_EXERCISE_. Which lines run from the one containing "Senja di Pantai" to the last line of the entries? Return them exactly, with nothing more.

(Stored data entries)
——————————
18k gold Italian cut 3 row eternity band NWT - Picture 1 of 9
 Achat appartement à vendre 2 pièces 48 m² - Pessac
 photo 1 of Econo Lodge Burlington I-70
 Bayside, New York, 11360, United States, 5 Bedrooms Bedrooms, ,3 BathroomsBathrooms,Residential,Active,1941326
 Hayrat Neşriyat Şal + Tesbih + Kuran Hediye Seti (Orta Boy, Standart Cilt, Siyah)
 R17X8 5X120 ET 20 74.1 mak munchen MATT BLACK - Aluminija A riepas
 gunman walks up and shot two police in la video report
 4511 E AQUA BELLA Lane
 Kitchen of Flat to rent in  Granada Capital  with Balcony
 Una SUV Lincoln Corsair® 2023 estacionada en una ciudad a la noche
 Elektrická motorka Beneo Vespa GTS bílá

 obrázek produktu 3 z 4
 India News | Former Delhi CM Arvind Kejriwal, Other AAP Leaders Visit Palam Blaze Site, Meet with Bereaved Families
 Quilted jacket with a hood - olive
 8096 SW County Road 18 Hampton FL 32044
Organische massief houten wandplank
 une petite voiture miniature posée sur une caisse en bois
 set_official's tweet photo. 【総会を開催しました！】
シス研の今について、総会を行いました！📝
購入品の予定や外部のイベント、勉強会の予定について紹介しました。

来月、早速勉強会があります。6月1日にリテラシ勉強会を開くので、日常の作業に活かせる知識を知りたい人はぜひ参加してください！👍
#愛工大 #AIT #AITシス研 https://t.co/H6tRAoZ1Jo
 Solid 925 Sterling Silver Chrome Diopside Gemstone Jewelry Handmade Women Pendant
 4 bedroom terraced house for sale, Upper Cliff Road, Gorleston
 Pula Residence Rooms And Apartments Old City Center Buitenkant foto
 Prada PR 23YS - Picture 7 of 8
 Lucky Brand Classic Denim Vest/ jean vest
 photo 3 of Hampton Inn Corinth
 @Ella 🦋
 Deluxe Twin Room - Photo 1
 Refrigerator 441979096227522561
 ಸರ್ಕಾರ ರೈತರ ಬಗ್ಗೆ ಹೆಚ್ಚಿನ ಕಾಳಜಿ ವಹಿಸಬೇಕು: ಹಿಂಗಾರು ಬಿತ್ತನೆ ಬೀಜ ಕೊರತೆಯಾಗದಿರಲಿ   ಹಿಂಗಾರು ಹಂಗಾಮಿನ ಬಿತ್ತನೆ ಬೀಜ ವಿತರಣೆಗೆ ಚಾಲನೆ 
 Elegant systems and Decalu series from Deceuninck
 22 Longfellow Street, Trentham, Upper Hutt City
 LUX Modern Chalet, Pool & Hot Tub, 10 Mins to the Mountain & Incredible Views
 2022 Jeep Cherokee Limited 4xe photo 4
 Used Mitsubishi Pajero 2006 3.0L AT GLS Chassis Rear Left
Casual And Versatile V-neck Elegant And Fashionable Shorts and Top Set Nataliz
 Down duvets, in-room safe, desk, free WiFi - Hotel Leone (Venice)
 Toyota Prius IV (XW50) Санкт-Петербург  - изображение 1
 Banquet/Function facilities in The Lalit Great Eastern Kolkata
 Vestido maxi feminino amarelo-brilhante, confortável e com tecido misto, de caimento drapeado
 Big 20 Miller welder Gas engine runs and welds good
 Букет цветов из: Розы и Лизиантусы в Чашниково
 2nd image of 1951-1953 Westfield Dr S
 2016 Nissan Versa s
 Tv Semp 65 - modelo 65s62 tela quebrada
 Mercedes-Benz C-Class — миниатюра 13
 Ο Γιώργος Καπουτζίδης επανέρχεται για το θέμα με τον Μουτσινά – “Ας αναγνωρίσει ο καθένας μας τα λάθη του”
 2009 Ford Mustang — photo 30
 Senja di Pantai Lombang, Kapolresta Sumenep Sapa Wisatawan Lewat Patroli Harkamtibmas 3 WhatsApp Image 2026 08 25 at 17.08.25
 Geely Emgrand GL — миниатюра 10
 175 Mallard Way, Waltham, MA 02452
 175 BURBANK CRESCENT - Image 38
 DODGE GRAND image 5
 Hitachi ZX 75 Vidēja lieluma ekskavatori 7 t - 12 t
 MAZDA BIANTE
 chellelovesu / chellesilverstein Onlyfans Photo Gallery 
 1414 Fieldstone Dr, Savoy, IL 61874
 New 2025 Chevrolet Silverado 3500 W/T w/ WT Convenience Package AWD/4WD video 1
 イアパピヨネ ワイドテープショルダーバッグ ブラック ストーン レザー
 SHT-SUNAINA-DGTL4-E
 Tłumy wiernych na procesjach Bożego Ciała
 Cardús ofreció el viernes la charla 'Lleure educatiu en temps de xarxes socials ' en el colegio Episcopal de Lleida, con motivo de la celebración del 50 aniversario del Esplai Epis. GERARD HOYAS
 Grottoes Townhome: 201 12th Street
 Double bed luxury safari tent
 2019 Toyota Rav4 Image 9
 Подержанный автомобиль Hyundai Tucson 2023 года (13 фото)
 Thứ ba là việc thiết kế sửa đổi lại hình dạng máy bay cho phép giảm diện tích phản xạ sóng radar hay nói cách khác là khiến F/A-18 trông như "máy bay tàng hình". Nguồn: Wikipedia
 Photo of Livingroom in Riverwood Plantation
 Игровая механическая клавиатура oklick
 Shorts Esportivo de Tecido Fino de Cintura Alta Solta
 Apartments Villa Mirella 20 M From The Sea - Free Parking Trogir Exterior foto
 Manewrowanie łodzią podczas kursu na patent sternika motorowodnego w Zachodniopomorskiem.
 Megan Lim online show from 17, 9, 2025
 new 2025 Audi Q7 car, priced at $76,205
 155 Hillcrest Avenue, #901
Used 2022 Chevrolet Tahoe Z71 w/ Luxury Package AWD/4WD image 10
——————————
_EXPECTED ANSWER_.
 Senja di Pantai Lombang, Kapolresta Sumenep Sapa Wisatawan Lewat Patroli Harkamtibmas 3 WhatsApp Image 2026 08 25 at 17.08.25
 Geely Emgrand GL — миниатюра 10
 175 Mallard Way, Waltham, MA 02452
 175 BURBANK CRESCENT - Image 38
 DODGE GRAND image 5
 Hitachi ZX 75 Vidēja lieluma ekskavatori 7 t - 12 t
 MAZDA BIANTE
 chellelovesu / chellesilverstein Onlyfans Photo Gallery 
 1414 Fieldstone Dr, Savoy, IL 61874
 New 2025 Chevrolet Silverado 3500 W/T w/ WT Convenience Package AWD/4WD video 1
 イアパピヨネ ワイドテープショルダーバッグ ブラック ストーン レザー
 SHT-SUNAINA-DGTL4-E
 Tłumy wiernych na procesjach Bożego Ciała
 Cardús ofreció el viernes la charla 'Lleure educatiu en temps de xarxes socials ' en el colegio Episcopal de Lleida, con motivo de la celebración del 50 aniversario del Esplai Epis. GERARD HOYAS
 Grottoes Townhome: 201 12th Street
 Double bed luxury safari tent
 2019 Toyota Rav4 Image 9
 Подержанный автомобиль Hyundai Tucson 2023 года (13 фото)
 Thứ ba là việc thiết kế sửa đổi lại hình dạng máy bay cho phép giảm diện tích phản xạ sóng radar hay nói cách khác là khiến F/A-18 trông như "máy bay tàng hình". Nguồn: Wikipedia
 Photo of Livingroom in Riverwood Plantation
 Игровая механическая клавиатура oklick
 Shorts Esportivo de Tecido Fino de Cintura Alta Solta
 Apartments Villa Mirella 20 M From The Sea - Free Parking Trogir Exterior foto
 Manewrowanie łodzią podczas kursu na patent sternika motorowodnego w Zachodniopomorskiem.
 Megan Lim online show from 17, 9, 2025
 new 2025 Audi Q7 car, priced at $76,205
 155 Hillcrest Avenue, #901
Used 2022 Chevrolet Tahoe Z71 w/ Luxury Package AWD/4WD image 10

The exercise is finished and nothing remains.